Types

Stronger Emphasis on Type Systems

As seen in fp, functions are building blocks. As in mathematics, their input and output must have a pre-determined set or type such as the integers. Types are the computer science equivalent of sets and determine what we can expect from a function. Predictability is important, so in functional languages the types of functions are quite restrictive.

Functions can only accept a restricted set of inputs. This is also called a strong static type system, since the restriction may happen statically, before the program is run. This helps to catch errors at compile time, before it used by actual users.

What are types

Examples:

  • Primitive types: numbers, arrays, integers, strings
  • User types: objects, classes

Type system

  • tool to specify behavior of computer program at compile-time
  • can be used as constraints for software

Role of types

In both mathematics and computer science, types:

  • Abstract away, simplify and model problems.
  • Add constraints to problem models.

Think about types as specifying lower bounds and upper bounds to problems.
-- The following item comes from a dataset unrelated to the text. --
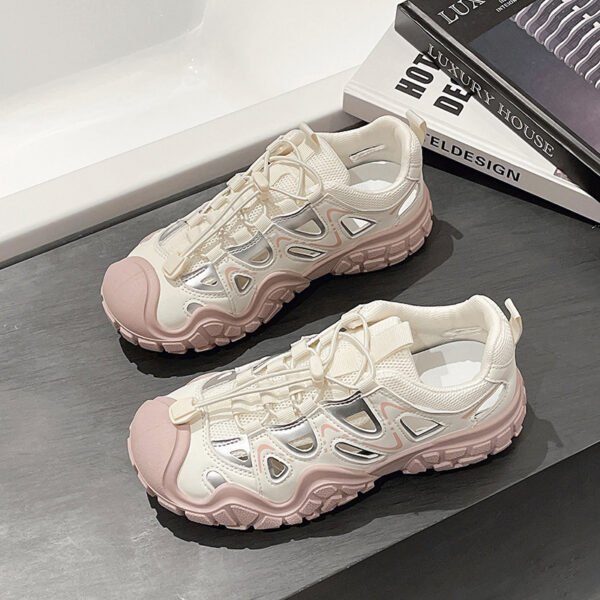 Chaussures pour femmes mignonnes et originales 2026 Printemps et été Nouvelles chaussures de randonnée et d'alpinisme en plein air, chaussures de papa creuses, chaussures de sport décontractées à semelles épaisses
Different levels of typing

There is distinction between the following types of languages:

  1. Weakly-typed languages: make conversions between unrelated types implicitly;
  2. Strongly-typed languages: don’t allow implicit conversions between unrelated types.

Primitive data-types

In weakly typed languages such as Python, R, JS, the following is possible:

a = 123456789
a = "abcdef"

It is also possible to use non-boolean data as a boolean.

For example

let n = 0;
if (!n) {
  // do something
}

In strongly typed languages such as Haskell or Rust there are more constraints. It is not possible to use a number and boolean interchangeably.

For example, the following is disallowed:

let mut a : i8 = 123
a = "abc" // compile error

Simple Generic Data types

Some types collect related data in a structure. These container types are generic in the sense that they contain generic data.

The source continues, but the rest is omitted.